→ WHAT NEEDS TO BE DONE:
Taking the entries below, transcribe only the lines starting with the one with "adidas Entrada 26" and going on through the one with "Snack Recipe Deluxe", exactly as written, without the pictures.

→ INPUT DATA:

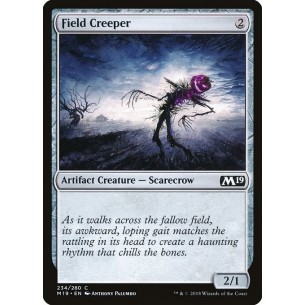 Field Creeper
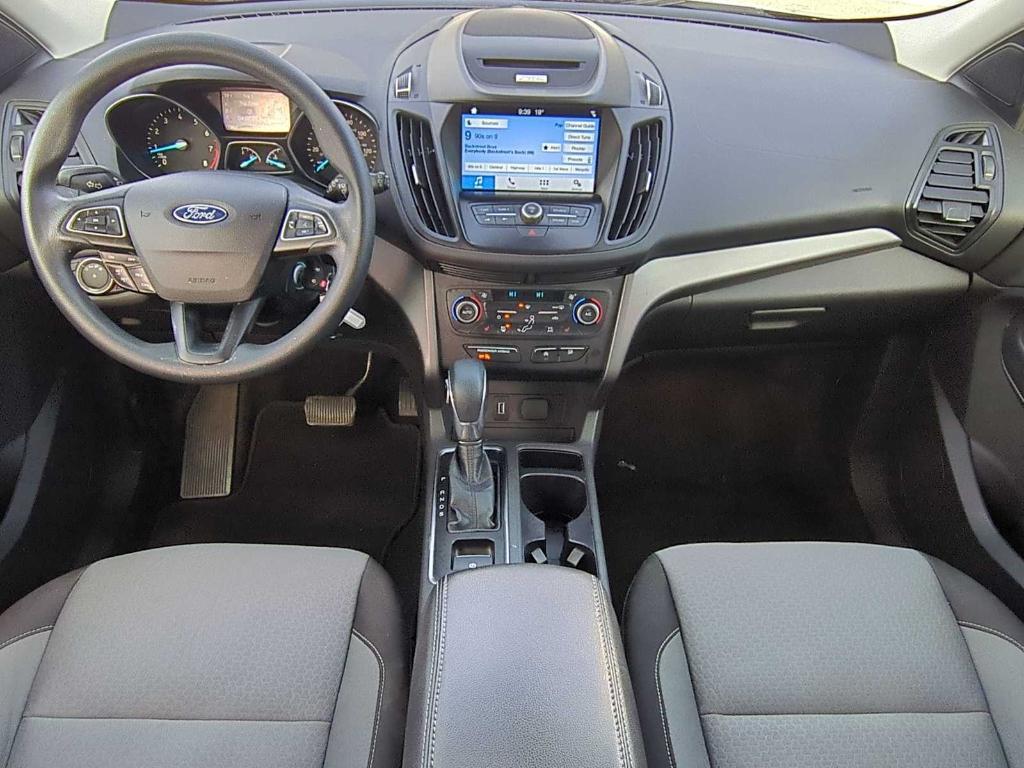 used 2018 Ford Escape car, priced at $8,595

* * *

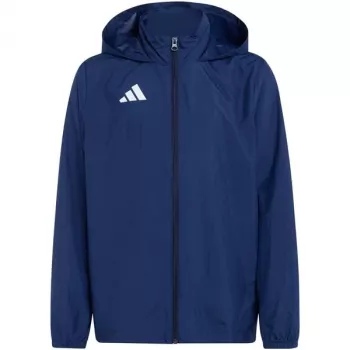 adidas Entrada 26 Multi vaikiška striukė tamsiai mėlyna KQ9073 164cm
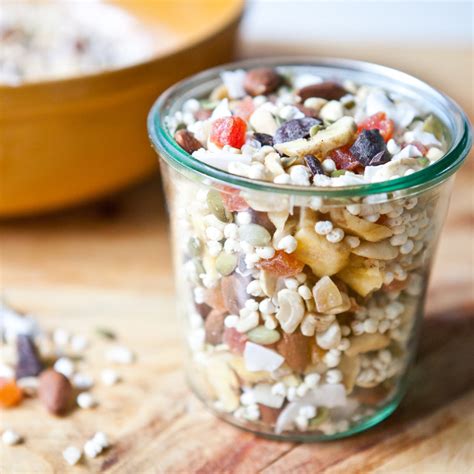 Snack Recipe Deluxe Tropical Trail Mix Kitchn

→ RESPONSE TO THIS EXERCISE:
 adidas Entrada 26 Multi vaikiška striukė tamsiai mėlyna KQ9073 164cm
 Snack Recipe Deluxe Tropical Trail Mix Kitchn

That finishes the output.